US tech giant Microsoft paid $6.3 billion in corporate taxes in the European Union for the fiscal year ending June 30, 2025, with $5.6 million accruing to the Irish treasury, according to the company’s first country-by-country breakdown, which was seen by dpa on Tuesday.
“Microsoft pays the taxes we owe in every country where we operate,” the company said in a statement. “We know there are strong views about whether companies are paying enough, and we believe providing this context leads to a more informed conversation.” Microsoft has its European headquarters in Dublin.
The company paid a total of $28.7 billion dollars in corporate taxes globally for the year, putting it in second place behind Apple, which paid $29.7 billion. The companies were also subject to payroll taxes, value-added taxes and property taxes.
Big German operation, but much less tax revenue Germany, with a staff of 3,471, is one of the largest Microsoft operations in Europe, posting turnover for the period of $11.68 billion.
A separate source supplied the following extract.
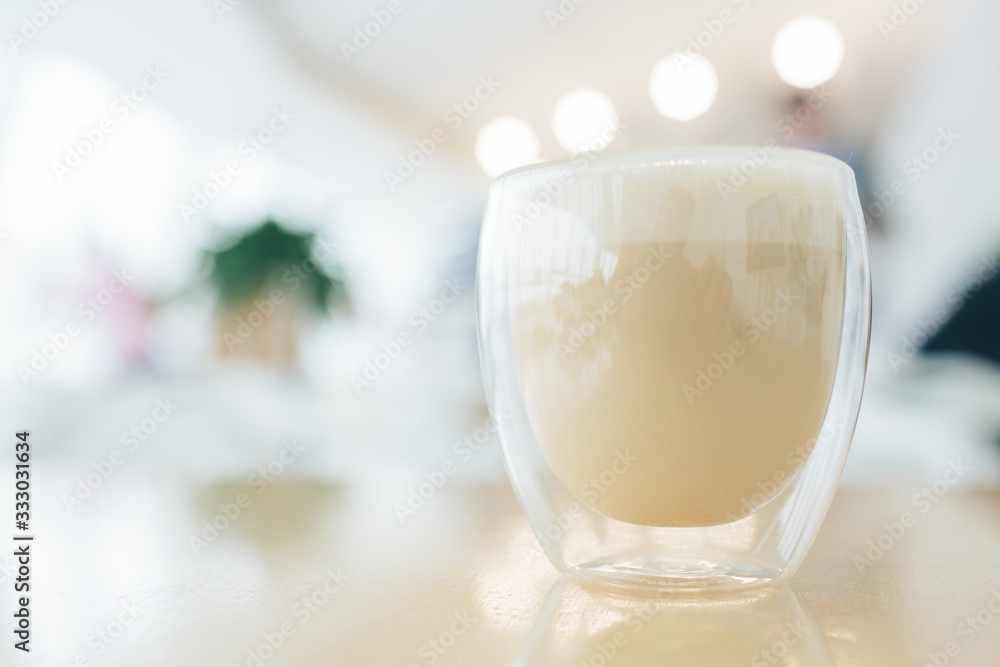 Cappuccino latte or coffee with milk in modern glass with double bottom. Close-up view. Reflection on glass. Blurred background. There is place for text. Cappuccino latte or coffee with milk in modern glass with double bottom. Close-up view. Reflection on glass. Blurred background. There is place for text.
Profits are put at just $661.2 million, with corporate tax paid coming in at $174.2 million.
Explaining the discrepancy, Microsoft notes that its German units are focused on sales, marketing, administrative support and research and development, while software rights are based in Ireland.
The taxation of US tech companies in the EU has been a point of conflict for years, with the European Commission saying they pay too little tax on the European mainland.
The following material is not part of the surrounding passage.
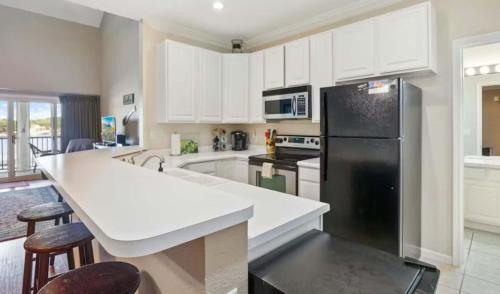 a kitchen with white cabinets and a black refrigerator at Lakeside Lookout in Sunrise Beach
Google, Apple and Microsoft have their profits taxed where they have their head offices, rather than where those profits are actually made.
EU trying to close tax loopholes Brussels is looking to implementation of the OECD’s global minimum tax and the EU’s Digital Markets Act (DMA) to close tax loopholes.
The figures are being published in line with EU transparency rules and reveal, for the first time, the countries where Microsoft generates turnover, makes profits and pays taxes.
Microsoft says that its tax structure reflects where its employees work, where its investments are made and where its assets, functions and risks are located, noting that Ireland is its most important operative and financial hub for Europe.
In the fiscal year ending on June 30, its Irish subsidiary with a staff of 6,654 posted turnover of $196 billion and profits before tax of $47.1 billion.